Trust, Five Ways

A trust score is one-fifth of trust wearing the costume of the whole thing, and the one-fifth an attacker can fake most cheaply. Here are the other four.

Published June 2026 · 9 min read

In 2026 you can hand an AI agent your credit card and a goal, book the cheapest flight that lands by Friday, rebalance this portfolio, go negotiate with that company's purchasing agent, and before you click yes, a growing number of platforms will show you a number. A trust score. The Bank of Bots project calls theirs the BOB Score and builds it the way a credit bureau builds yours: from a verifiable history of the agent's transactions, its counterparty diversity, its account age, its repayment record. 824 out of 900. You exhale a little, and you click.

That number is the most reassuring thing on the screen and, very nearly, the most dangerous, because it is one-fifth of trust wearing the costume of the whole thing, and, as it happens, the one-fifth an attacker can fake most cheaply. Trust is not a score. Trust is plural. There are at least five genuinely different ways to make an agent trustworthy, each a distinct mechanism with its own failure mode, and a reputation score is only one of them. Alone, it's the weakest one. The good news, and the practical payload of this essay, is that the other four are right there, and robust agent trust isn't a better score. It's the right combination of all five.
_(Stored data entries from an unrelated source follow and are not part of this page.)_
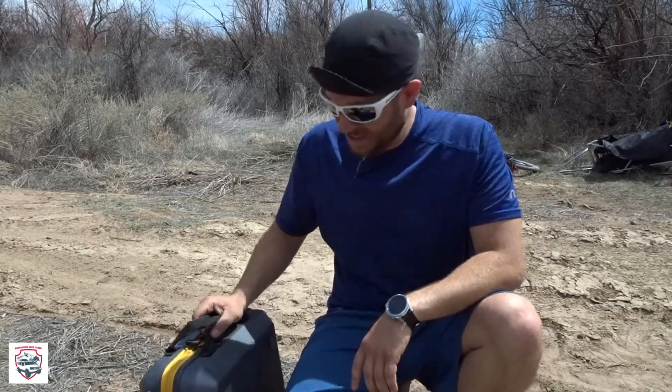What is up, my fellow adventurers! This is Daniel with Adventures with Daniel, out doing some product review today. I wanted to introduce you to a neat product that I don't have a ton of time under, so I'm not going to necessarily recommend it, but I have been using it and so far I can tell you it does what they say it will do.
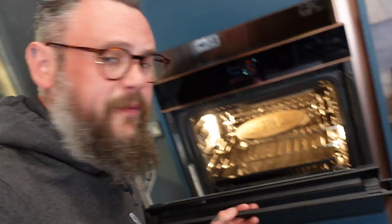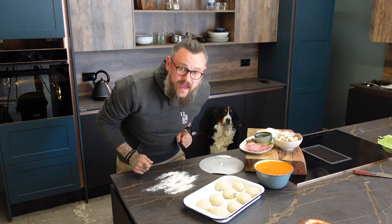Before we start building the pizzas, we need to set the oven up. We need to ramp it up to as high as it will go. Make sure you've got your pizza stone in there. Away we go — we'll leave it and start building.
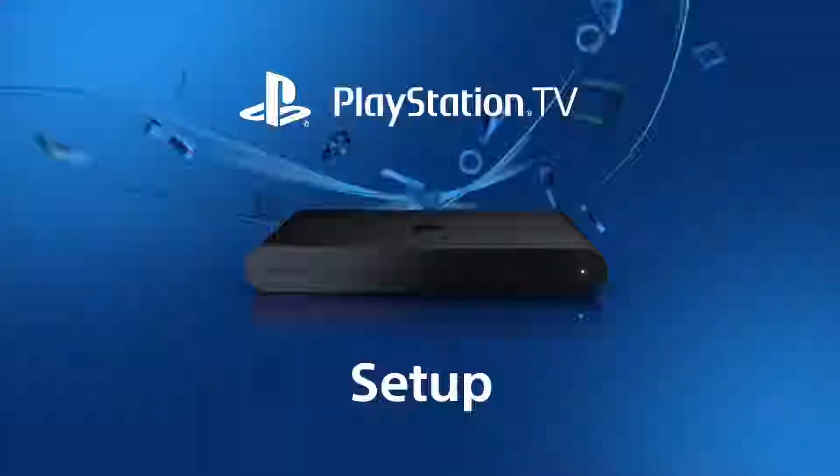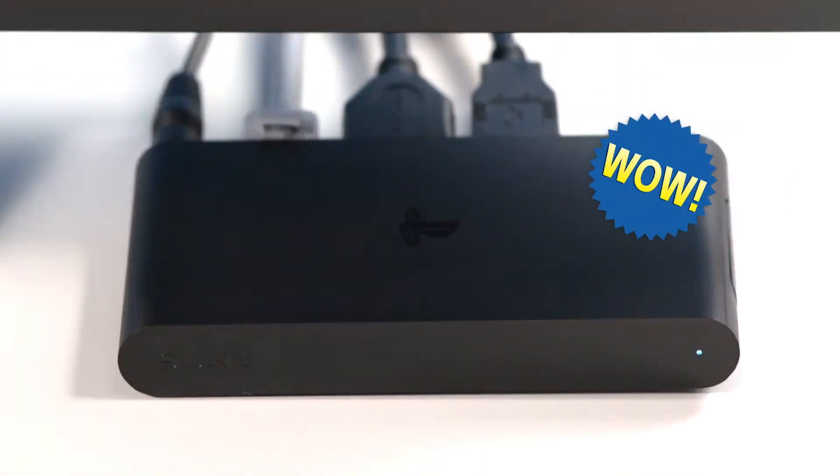Oh, hey! You're just in time. I was about to set up my new living room entertainment hub, PlayStation TV. It's super simple.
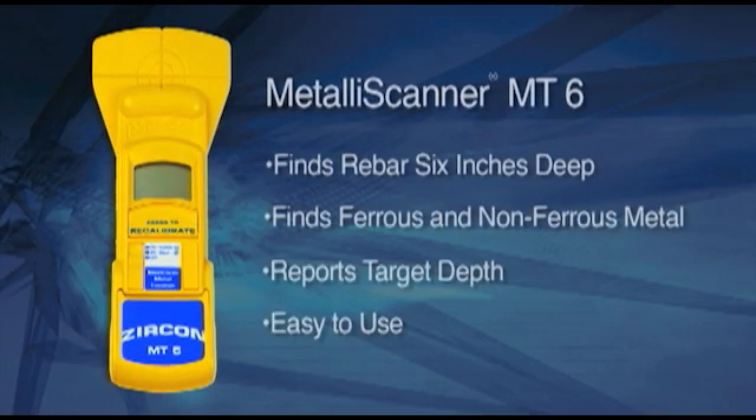Zircon MT-6 scans through a half foot of concrete to locate embedded metal before your drill bit does. MT-6 locates both ferrous and non-ferrous metal through any non-metallic surface, such as concrete or drywall. MT-6 works better and is easier to use than some competing products that sell for much more.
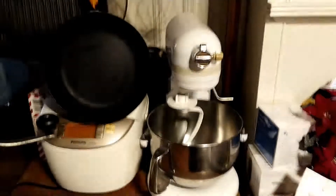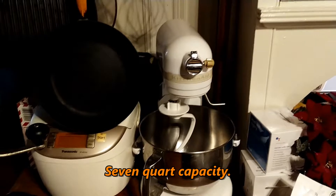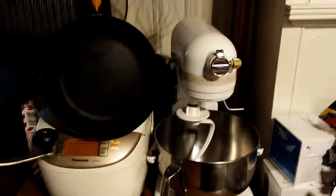So here's my little one. You can get an idea of how much of a mess I can make here. And just to give you an idea, here's the dough hook from the big one.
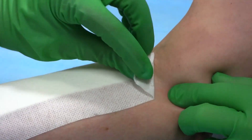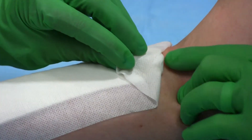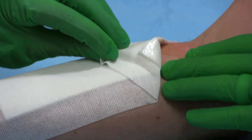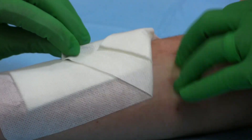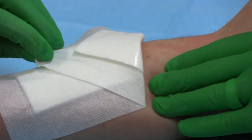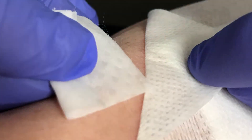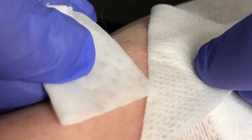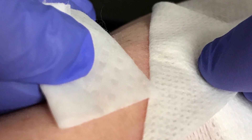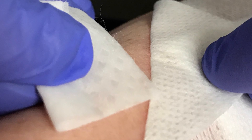Remove the dressing slowly. Pull the tape over itself at a 150 to 180 degree angle to the skin. Place an index finger along the peel line to provide counter-traction. If the tape is strongly adherent to the skin, an adhesive remover or skin moisturizer can also be used to dissolve the adhesive at the peel line.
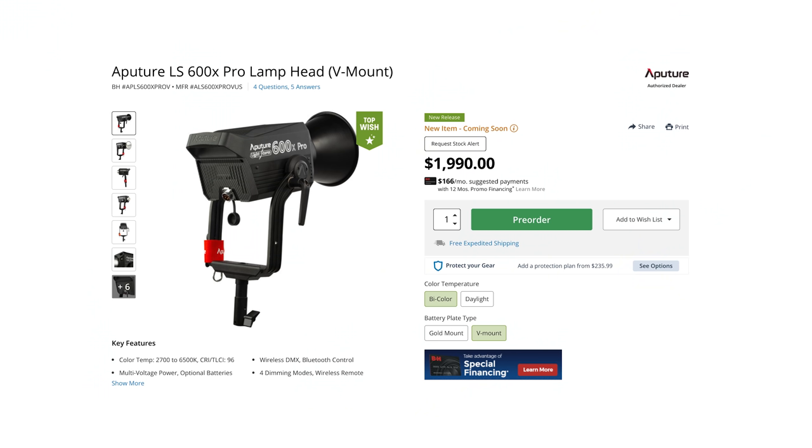There are a couple of things you need to know about the 600X Pro. It's more expensive than the 600D. It's not as bright as the 600D, but those things are okay because it has a superpower — it is variable, 2700 Kelvin to 6500 Kelvin.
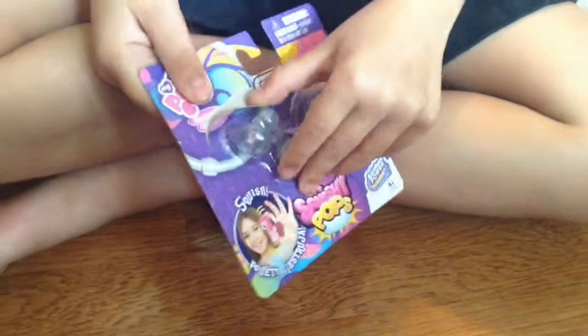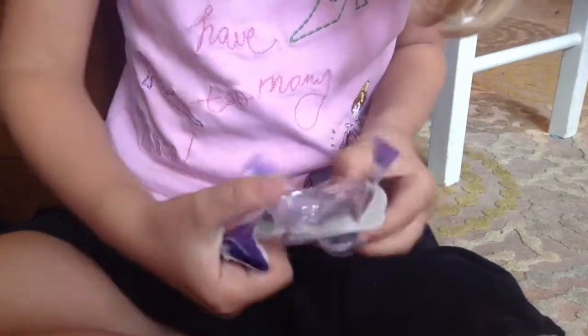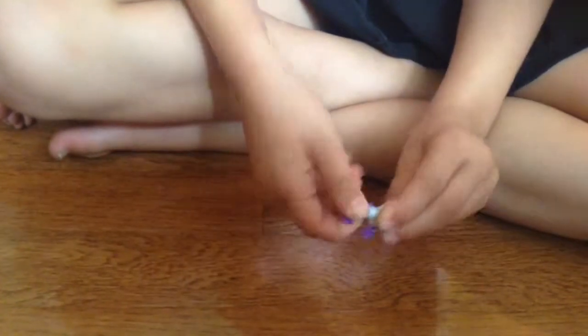So I'm going to open mine first — I already kind of opened it. It's a little tiny thing. I'm so excited! Okay, let's take the bead and the bracelet and the Squishy. And these are why it's called Squishy Pops, because they're squishy and they pop.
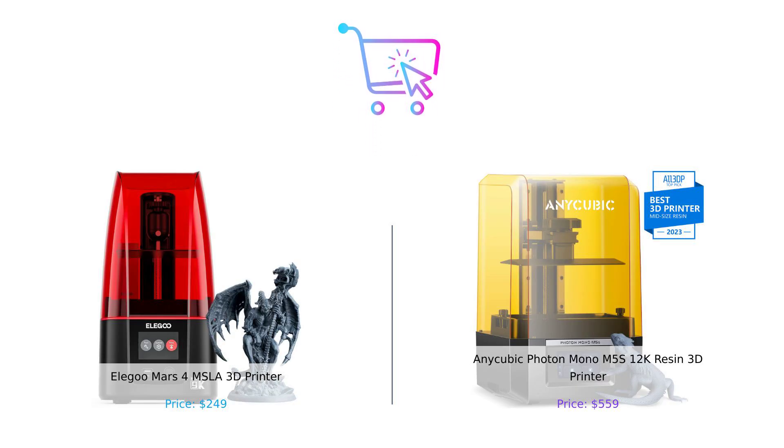So there you have it folks. The Elegoo Mars 4 is a fantastic budget-friendly option with great resolution and user-friendly features, perfect for beginners. But if you're looking for top-notch detail, speed, and a printer that practically does everything but tuck you in at night, the Anycubic Photon Mono M5S is your go-to — if you can afford the price tag. Remember, the best printer for you depends on your needs and budget, so choose wisely and happy printing. Don't forget to like, subscribe, and leave a comment about which product you prefer and why. Product links are in the description.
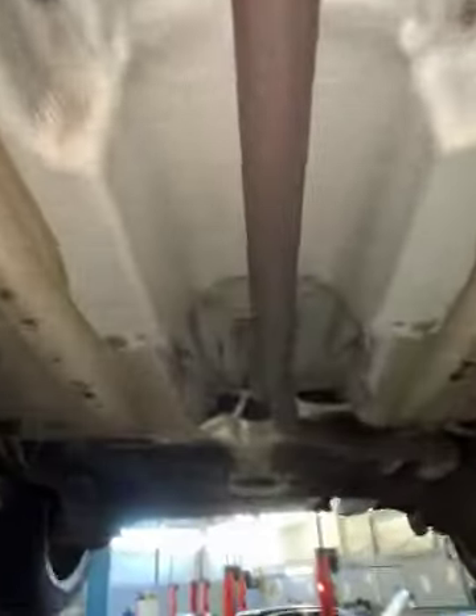As you follow me underneath the vehicle, you'll notice there's no damage to the exhaust. You are getting quite a bit of rust.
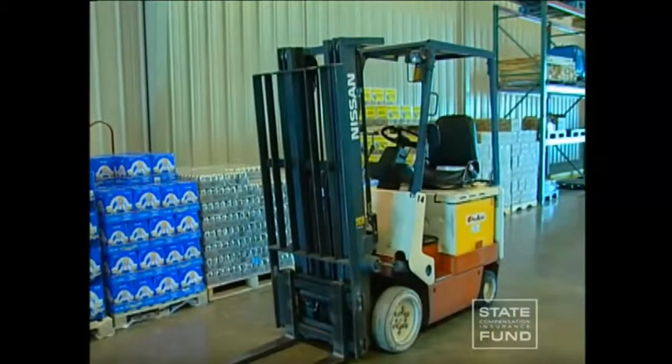A forklift is considered to be unattended when the driver travels more than 25 feet from the forklift, or when the forklift is out of the driver's sight.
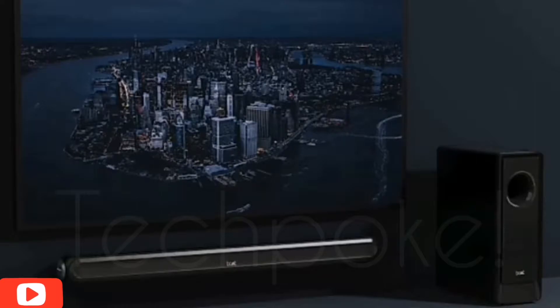Hello everyone, welcome to your channel on TechBook. Today we have an amazing preview for you. The Boat Avent Bar 160 Watt is launched with Bluetooth speakers. You will get to see a lot of things here, so watch to the end to get all the information. If you haven't subscribed, subscribe to the channel and hit the bell icon.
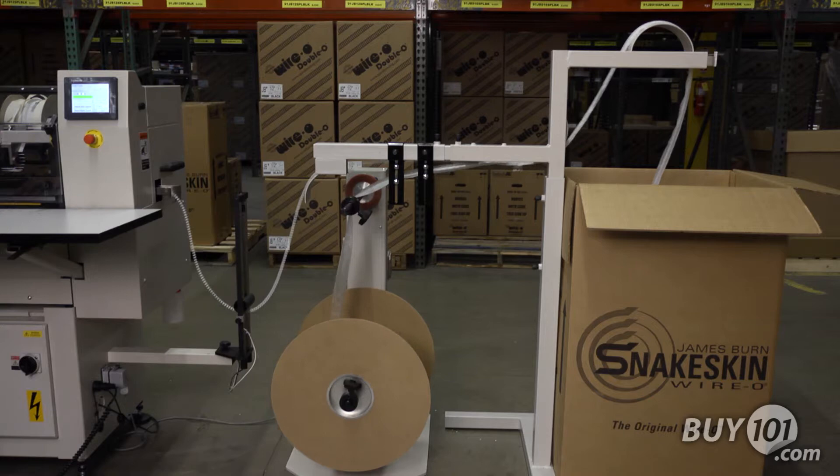The BB50H High-Speed Binder offers versatility and productivity for a wide range of production applications, the result of decades of engineering experience.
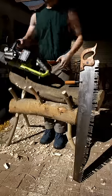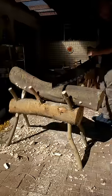What's quicker to cut a log? An old-fashioned crosscut handsaw or an electric chainsaw? Let's find out!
Here are the five. Once you can see them as separate machines, you stop buying a number and start building a system.

The five ways to trust an agent

These aren't five flavors of the same thing. They are five different reasons a rational party can be willing to be vulnerable to an agent, and the willingness to be vulnerable without the ability to monitor every move is, in the canonical academic definition (Mayer, Davis & Schoorman, 1995), exactly what trust is. Each way answers a different question.

One: a costly-to-fake signal. You trust the agent because it carries something that was expensive to produce: proof of work done, a credential earned through a real audit, a track record that took time and money to build. The whole logic is cost: a signal is trustworthy in proportion to what it would take to forge. The agent-world form is the verifiable credential, W3C Verifiable Credentials and decentralized identifiers (DIDs) functioning as an agent's passport, a cryptographically signed claim ("this agent passed this audit," "this agent is operated by this licensed entity") that travels across organizations. The 2026 push to give agents VCs and DIDs is precisely this primitive going digital. Its failure mode is the cost it skips: a credential is only as good as what it took to earn. A badge any agent can mint for free is not a signal; it's cheap talk in a nicer font.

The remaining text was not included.